# Supplied data

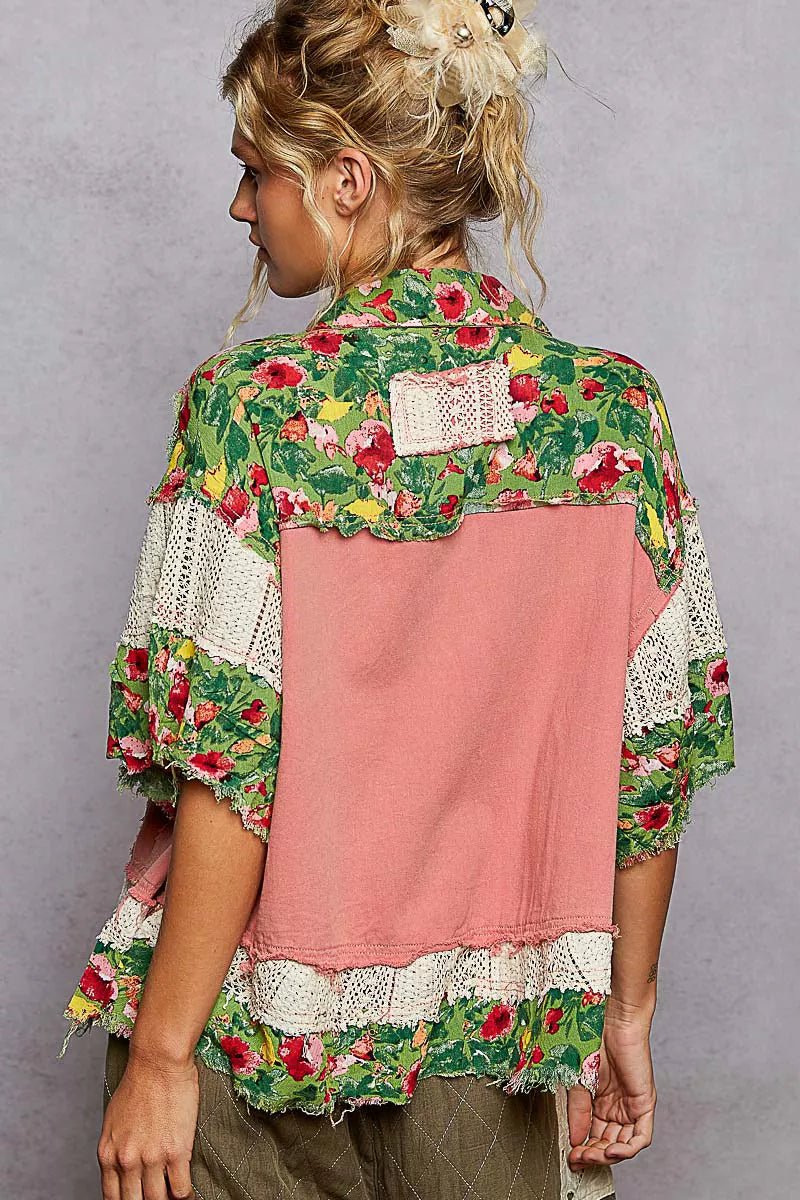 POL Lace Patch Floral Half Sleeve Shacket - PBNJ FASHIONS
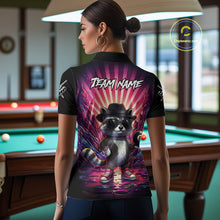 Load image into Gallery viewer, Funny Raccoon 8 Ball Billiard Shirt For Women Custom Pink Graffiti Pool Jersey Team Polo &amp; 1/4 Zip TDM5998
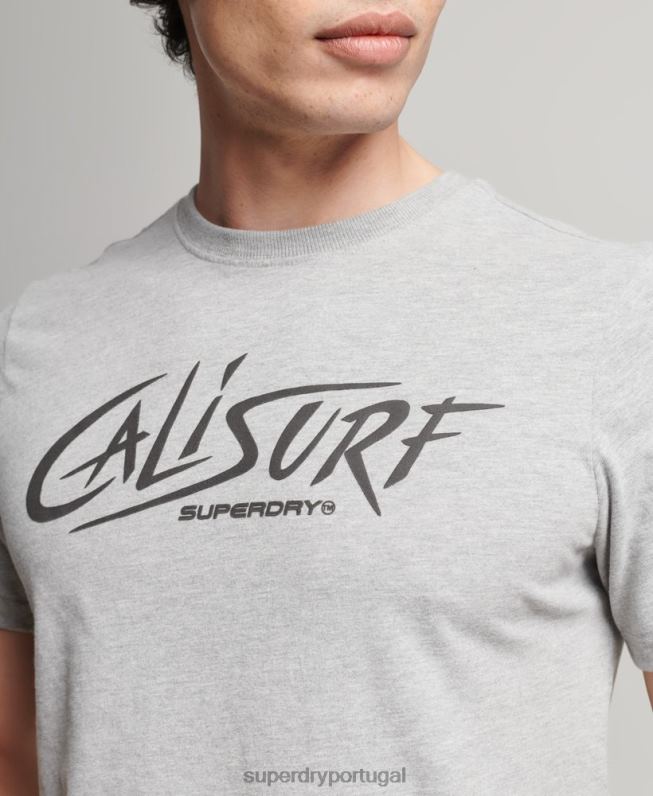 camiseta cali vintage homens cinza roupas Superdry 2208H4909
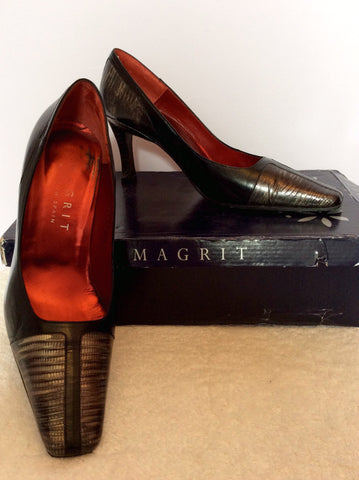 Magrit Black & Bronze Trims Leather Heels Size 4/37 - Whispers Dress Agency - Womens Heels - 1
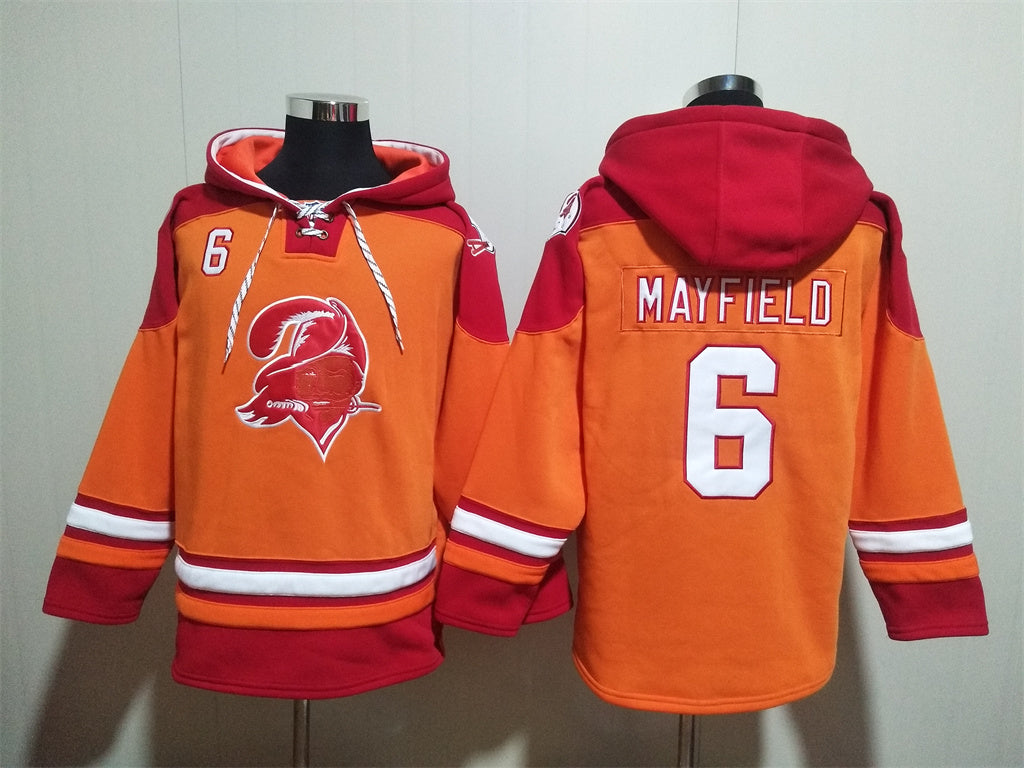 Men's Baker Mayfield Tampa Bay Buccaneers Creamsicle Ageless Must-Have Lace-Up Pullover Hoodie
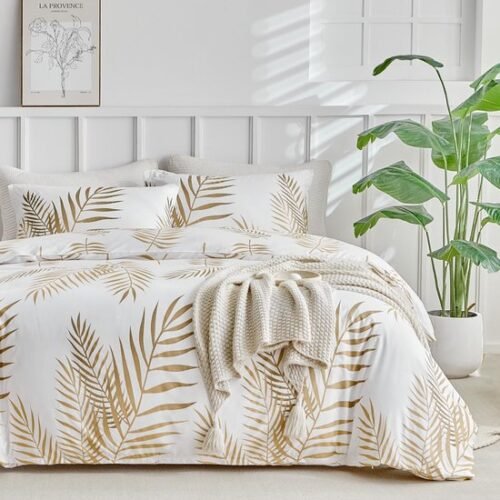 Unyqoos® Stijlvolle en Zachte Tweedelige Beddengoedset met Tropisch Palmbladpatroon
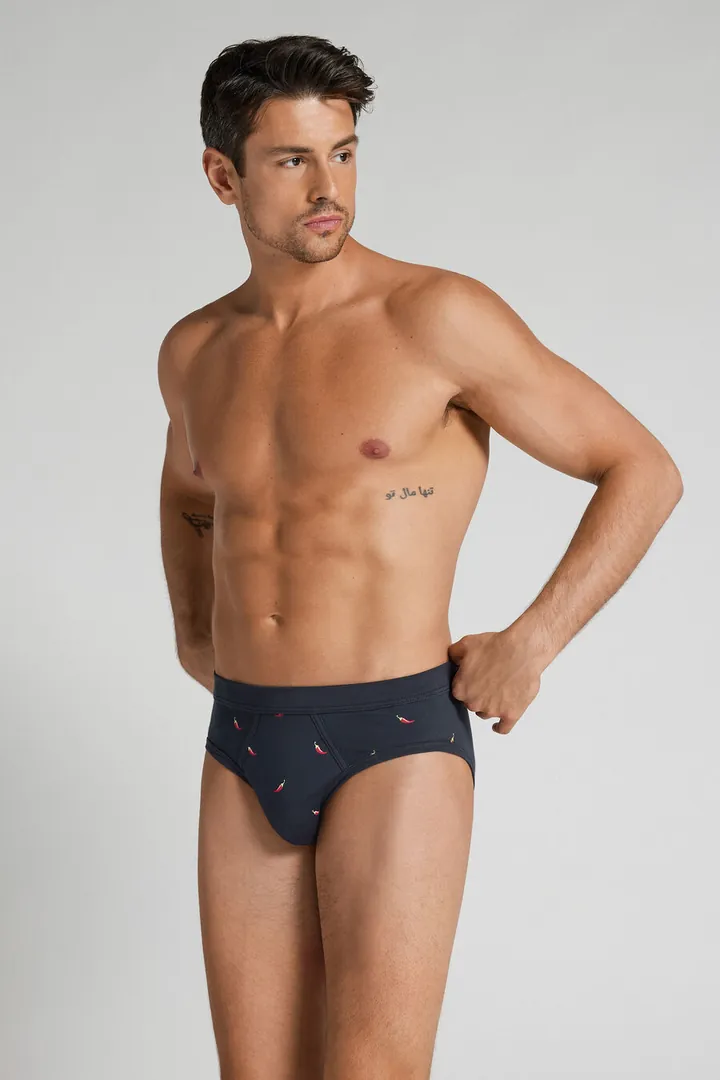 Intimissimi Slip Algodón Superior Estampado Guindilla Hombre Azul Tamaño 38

--

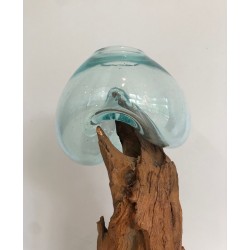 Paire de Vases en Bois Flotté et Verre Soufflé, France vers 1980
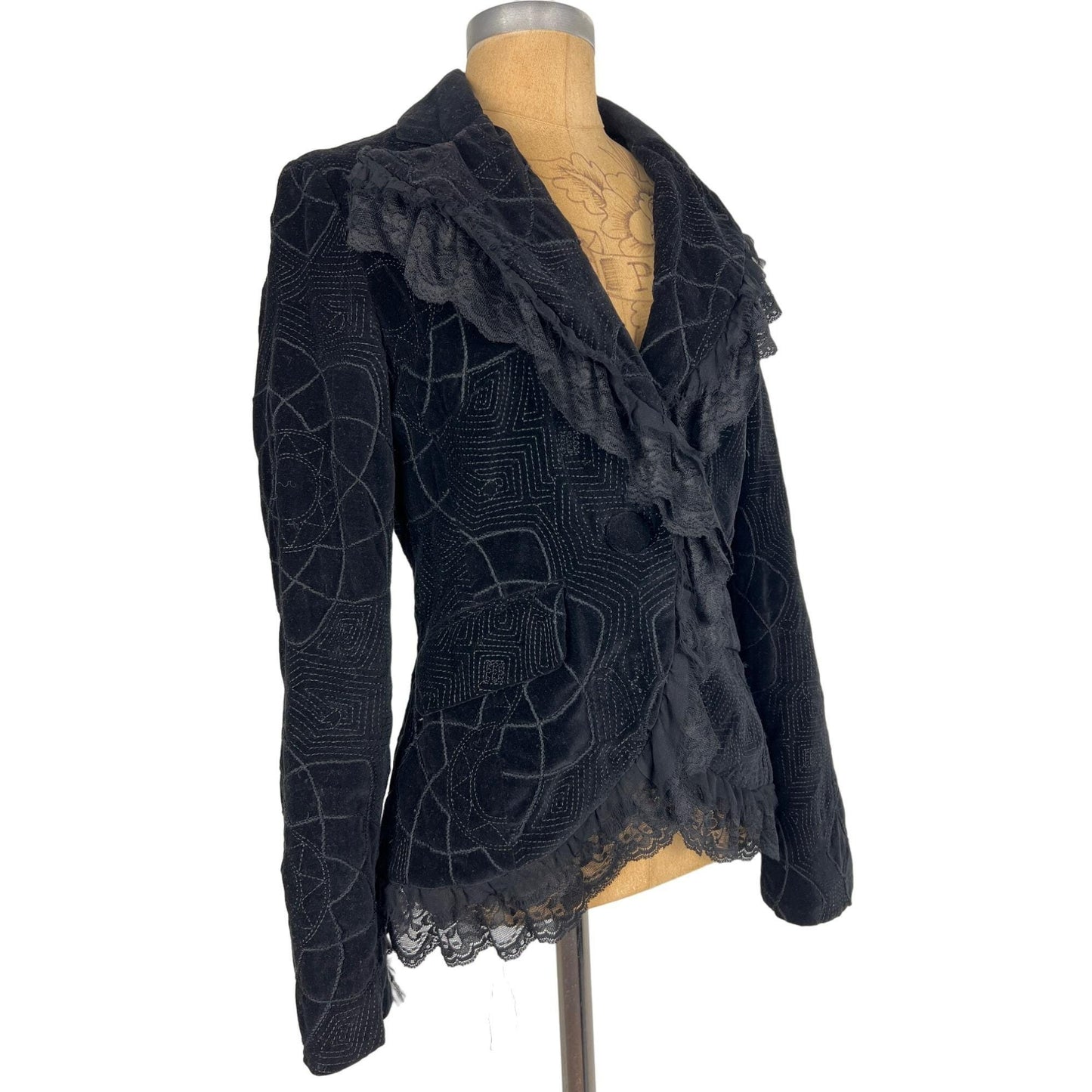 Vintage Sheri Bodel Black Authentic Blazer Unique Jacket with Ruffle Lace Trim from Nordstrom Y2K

---

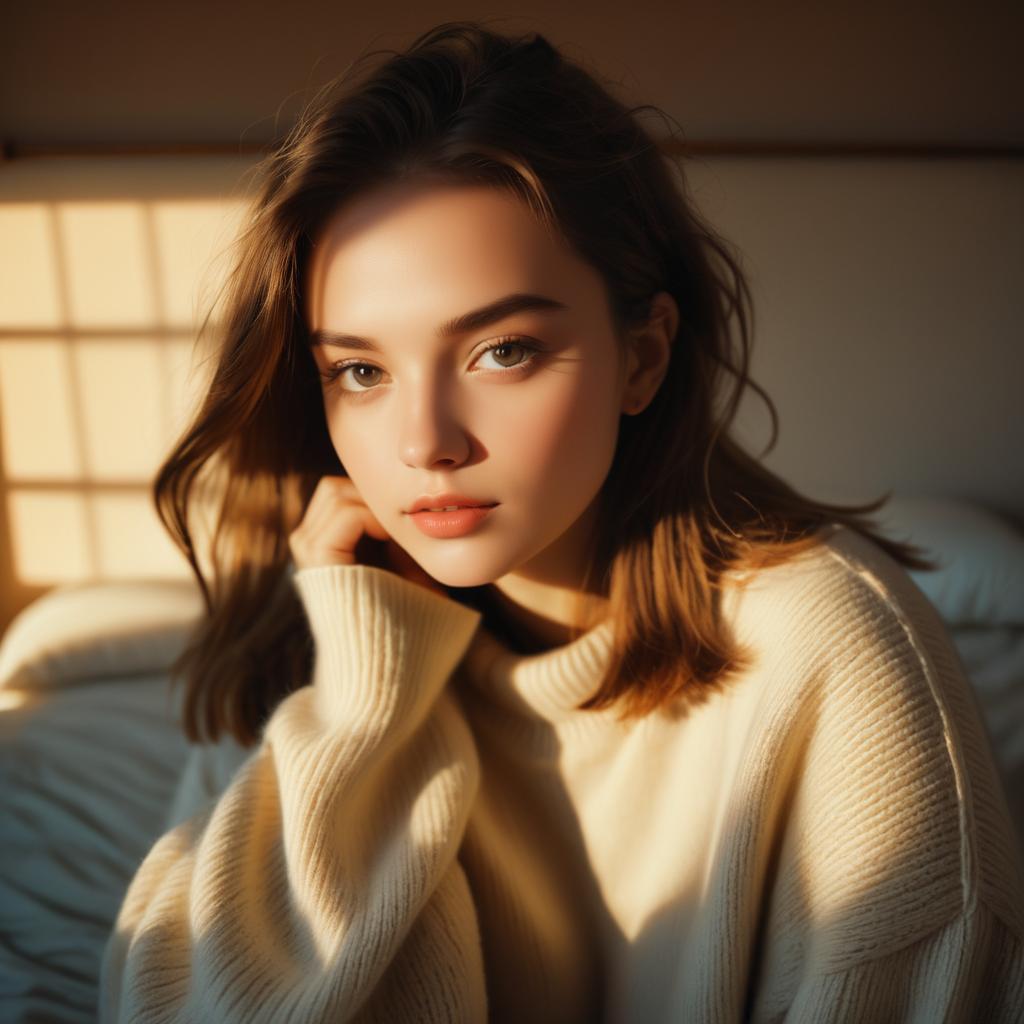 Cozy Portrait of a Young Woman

# Exercise
From the line containing "POL Lace Patch" through the line containing "Men's Baker Mayfield", copy every line above exactly, without pictures.

# Solved exercise
 POL Lace Patch Floral Half Sleeve Shacket - PBNJ FASHIONS
 Load image into Gallery viewer, Funny Raccoon 8 Ball Billiard Shirt For Women Custom Pink Graffiti Pool Jersey Team Polo &amp; 1/4 Zip TDM5998
 camiseta cali vintage homens cinza roupas Superdry 2208H4909
 Magrit Black & Bronze Trims Leather Heels Size 4/37 - Whispers Dress Agency - Womens Heels - 1
 Men's Baker Mayfield Tampa Bay Buccaneers Creamsicle Ageless Must-Have Lace-Up Pullover Hoodie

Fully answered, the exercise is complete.